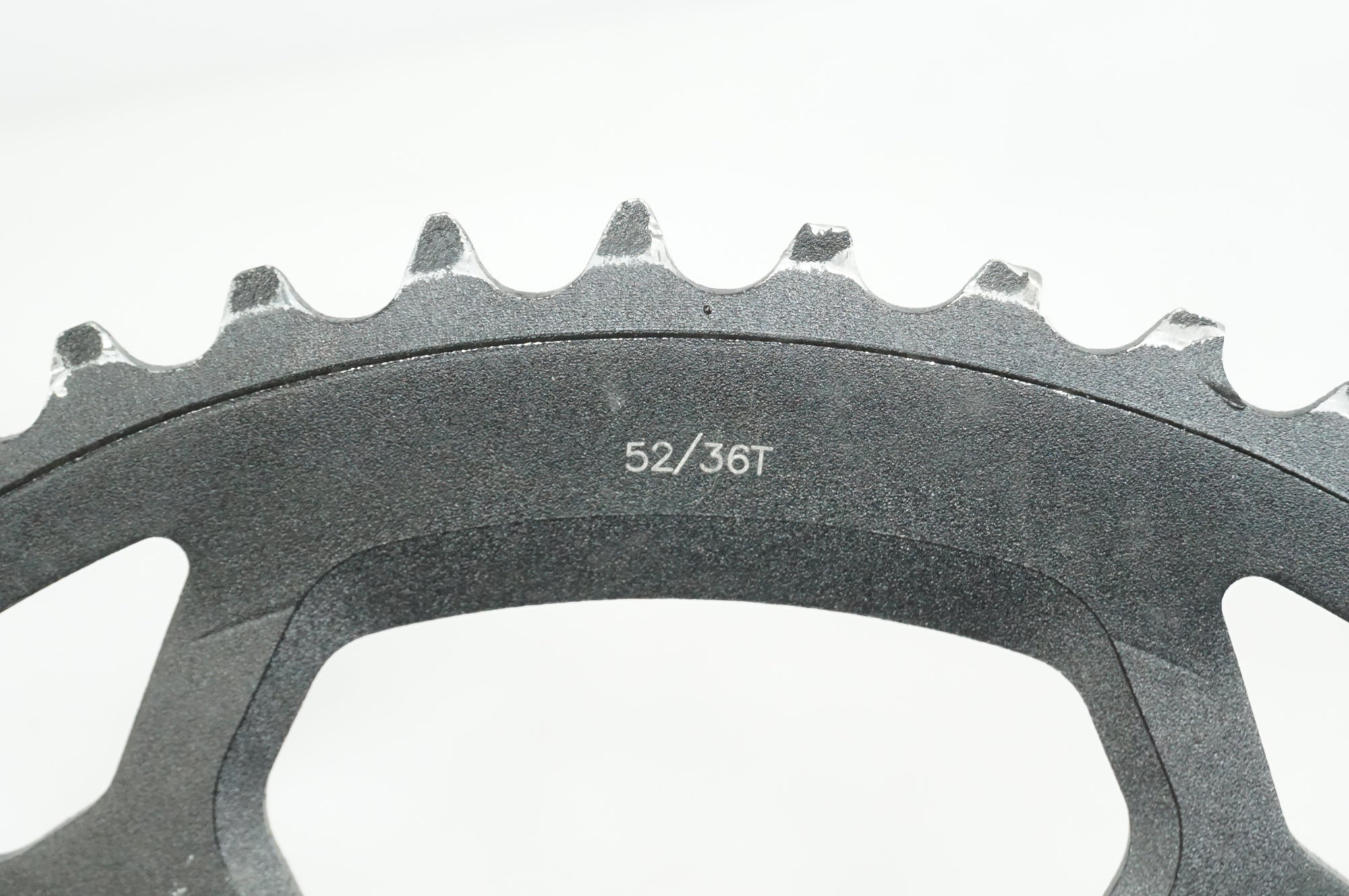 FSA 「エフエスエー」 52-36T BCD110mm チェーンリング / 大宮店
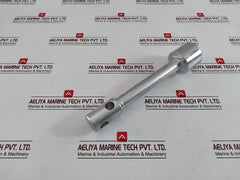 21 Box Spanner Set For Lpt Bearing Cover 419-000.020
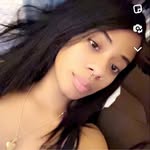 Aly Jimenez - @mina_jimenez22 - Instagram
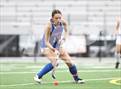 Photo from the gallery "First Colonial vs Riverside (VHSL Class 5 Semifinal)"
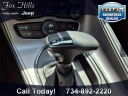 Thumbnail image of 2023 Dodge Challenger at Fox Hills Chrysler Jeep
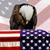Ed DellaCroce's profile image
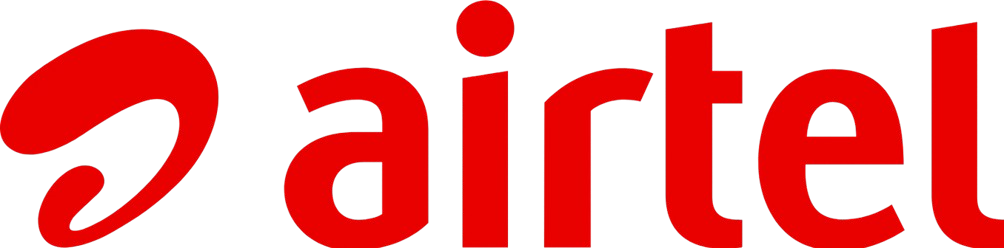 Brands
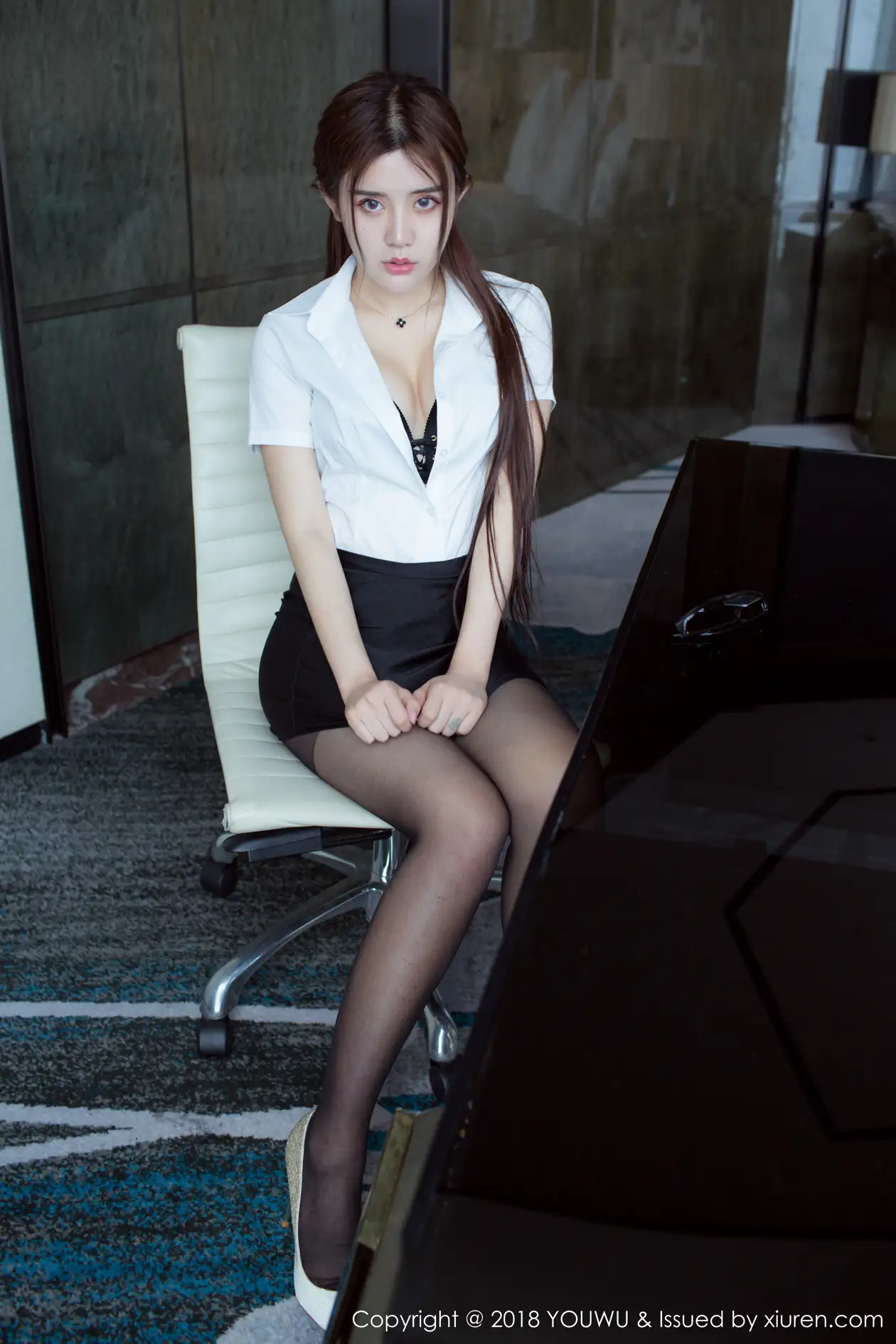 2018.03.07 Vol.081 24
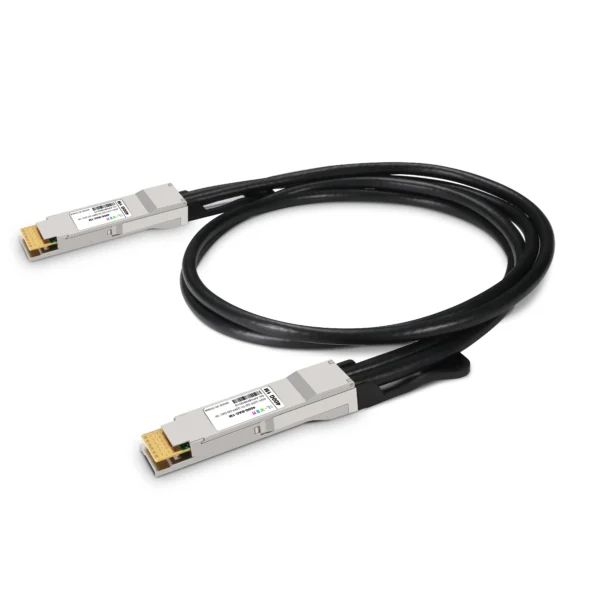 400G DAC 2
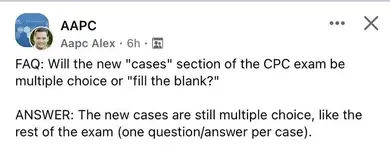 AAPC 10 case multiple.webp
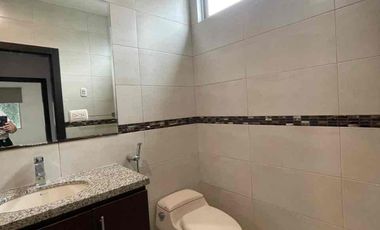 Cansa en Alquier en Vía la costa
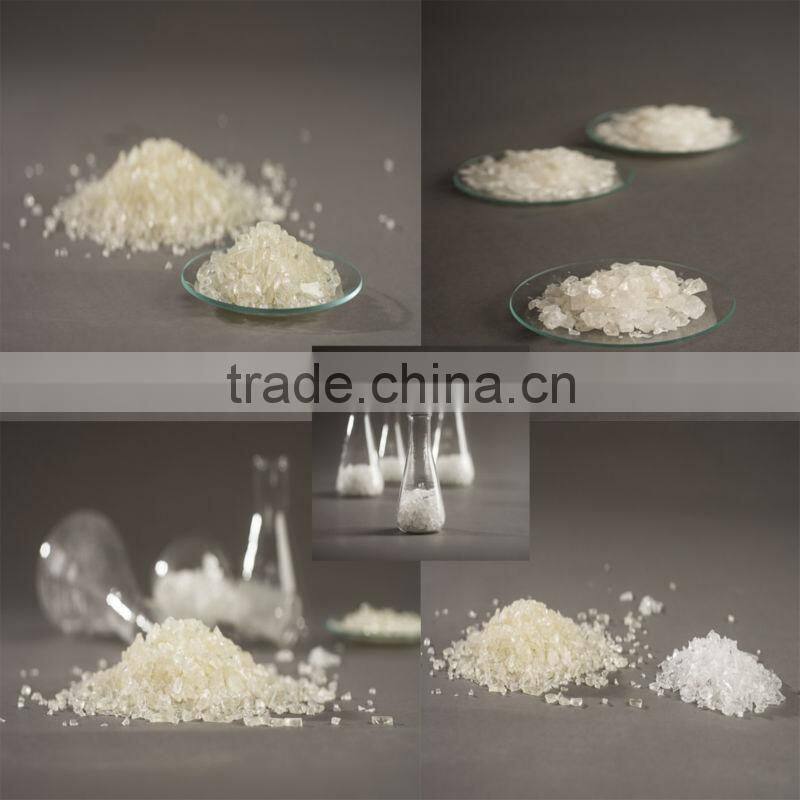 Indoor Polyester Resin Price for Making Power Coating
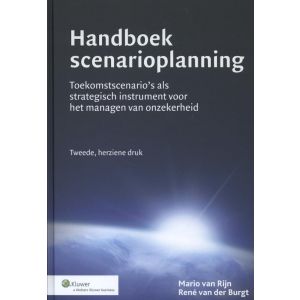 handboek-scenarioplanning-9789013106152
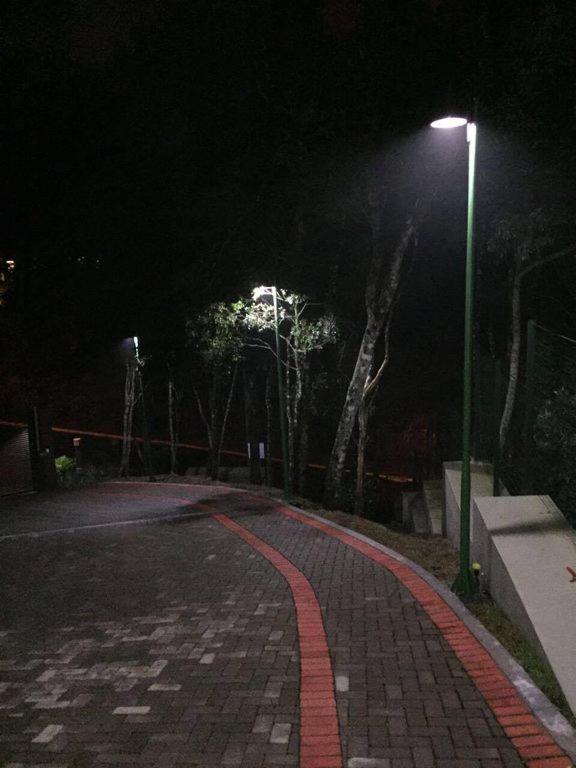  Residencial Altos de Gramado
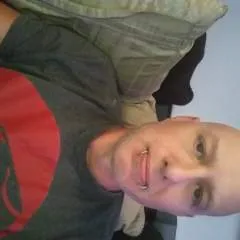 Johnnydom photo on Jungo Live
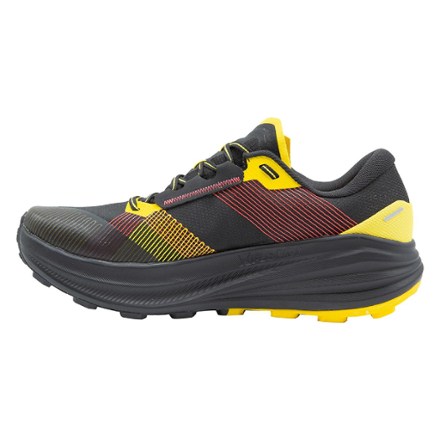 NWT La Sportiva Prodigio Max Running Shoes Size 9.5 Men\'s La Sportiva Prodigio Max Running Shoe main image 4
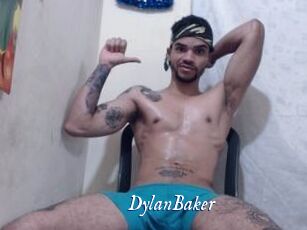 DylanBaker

|---|

> [Exercise]:
Reproduce exactly the lines of the entries above from the first through the line with "Photo from the", both included; pictures should not be reproduced.

> [Problem solution]:
 FSA 「エフエスエー」 52-36T BCD110mm チェーンリング / 大宮店
 21 Box Spanner Set For Lpt Bearing Cover 419-000.020
 Aly Jimenez - @mina_jimenez22 - Instagram
 Photo from the gallery "First Colonial vs Riverside (VHSL Class 5 Semifinal)"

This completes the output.